To say the space looks different is bordering on an understatement. For six weeks, the hotel shut down for a total rebuild of its public spaces. The redesign — led by Billy Quimby of San Francisco–based design firm BAMO — draws inspiration from the surrounding architecture, Lake Michigan shores, and Water Tower Place itself, to “bring the inspiration and energy of Chicago inside,” according to his statement. And he means this literally: the Calcutta marble of the lobby’s pillars is actually the same stone that clads the building’s exterior. With this new sense of place comes a clear top-to-bottom consistency as the public spaces, guest corridors, lakeside suites, Club Lounge, and spa all share a coherent aesthetic.
Compared to several other five-star hotels in the city that have recently undergone or are currently in the midst of renovations — the Peninsula, the Langham, and the Four Seasons — Simoncelli believes the Ritz-Carlton’s is by far the most extensive.
“I don’t think any of them have gone through the transformation that we have gone through here,” Simoncelli said. “The people we’re touring through the space are calling it ‘breathtaking,’ and ‘so much better than the rendering.’ That’s how I feel it is, too.”
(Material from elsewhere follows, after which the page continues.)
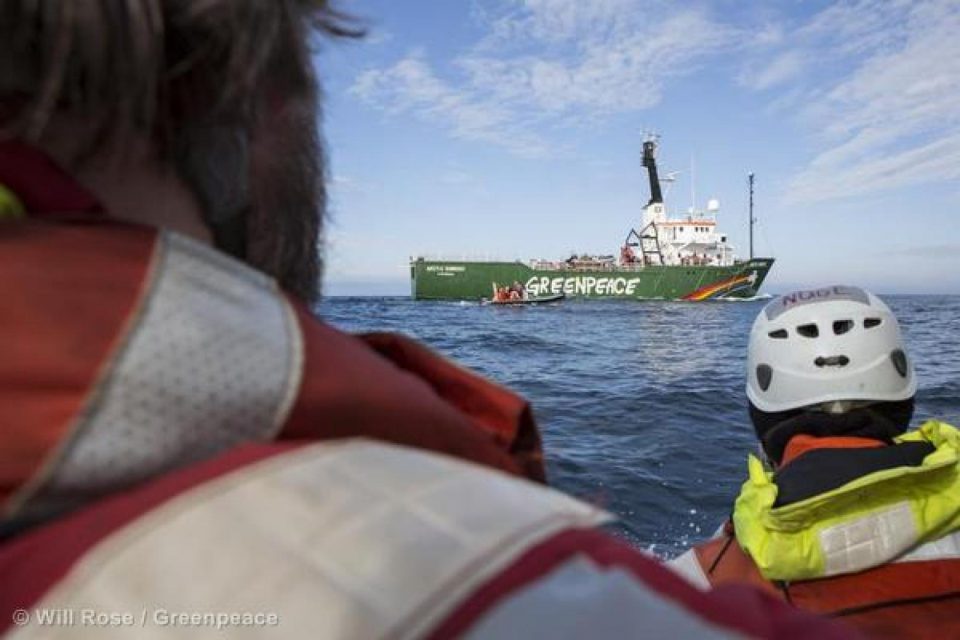 Le brise-glace de Greenpeace, l'Arctic Sunrise, fait face à un navire de tests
What hasn’t changed, though, is the above-and-beyond commitment to service that’s a hallmark of both the Ritz-Carlton’s and the Four Seasons’ credos. An impressive number of staff members — “ladies and gentlemen,” in Ritz-Carlton parlance — have worked there since the hotel’s opening and stayed on through the transition.
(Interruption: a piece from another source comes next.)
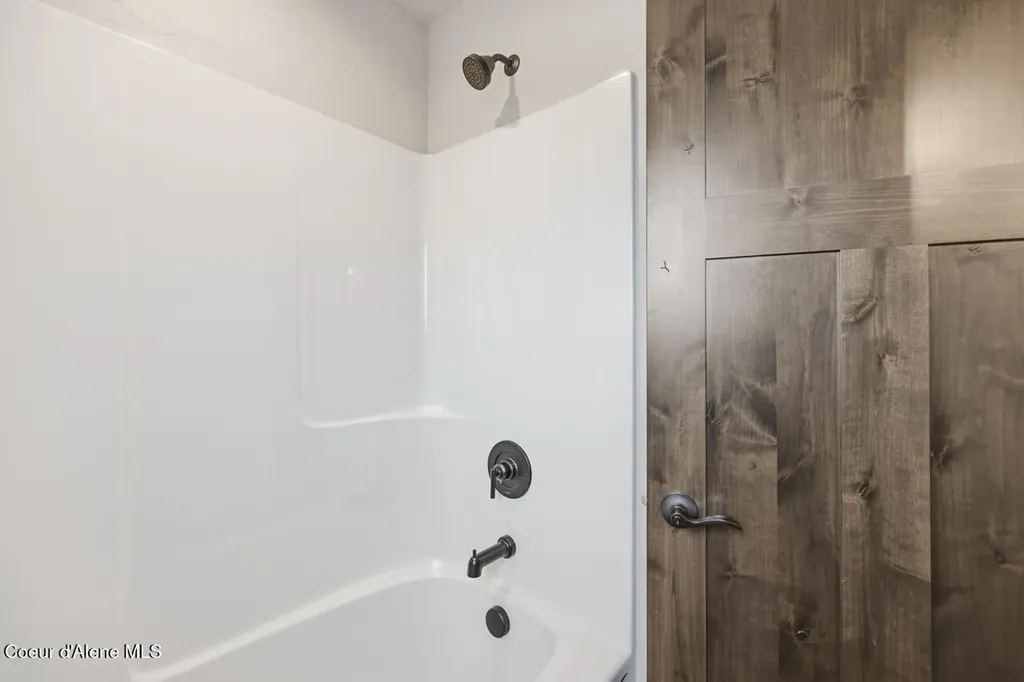 8429 N Snowflake Lane Hayden ID 83835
Director of Catering Marc Kaufman calls it a family, in terms of the staff. Kaufman himself is a testament to that: he's the second director of catering in the property’s entire 42 years of operation. He worked with the Ritz-Carlton Chicago in the ‘90s before departing for rotating stints at a few of Four Seasons’ other U.S. properties, most notably in San Francisco and Palm Beach. Twelve years ago, though, he returned to Chicago and his former role.
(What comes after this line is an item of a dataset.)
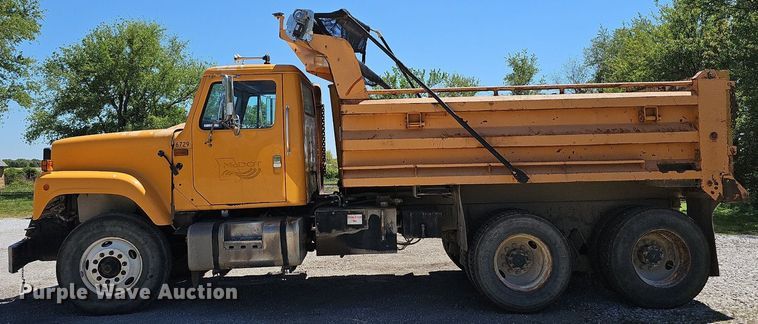 image for item MC9023 2002 International 2554  dump truck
“Once you work at this particular Ritz-Carlton, you never really leave it,” Kaufman said. “Coming back was like putting on an old, comfortable glove for me. Everywhere else I worked, I compared to this hotel.”
When the property opened, Kaufman explained, it broke the mold for luxury hotels in the States, standing as a new model in terms of infrastructure. It was pretty revolutionary at the time to open a hotel as part of a mixed-use building that also housed luxury residences, a mall, and a Broadway-style theater. Water Tower Place shook up the shopping culture of the Magnificent Mile, too, bringing more accessible retailers to an area previously reserved for high-end brands and department stores.
The décor, however, was never meant to be quite as forward-thinking. Though the hotel was built in the ‘70s, the interior was fashioned in the French style of the 1700s, which was a trend at the time in the luxury space. “It’s kind of weird that you would take this modern International-style building and put in 18th-century Paris, but that’s what they did. The Park Lane in New York is the perfect example,” said Kaufman.
Now, it's as though the design has also had a homecoming of sorts, too. One that honors the hotel’s place in Chicago’s skyline and history.
“To walk around this hotel and see the city around you is just so remarkable,” Kaufman said. “We used to have heavy drapes, and they got a little less heavy over the years, but there still were big valances. Now, it’s like your heart opens when you get off the elevator because you have the whole city around you. It’s just so beautiful.”
Disclaimer: A complimentary media stay was provided to Travel + Leisure by the Ritz-Carlton Chicago.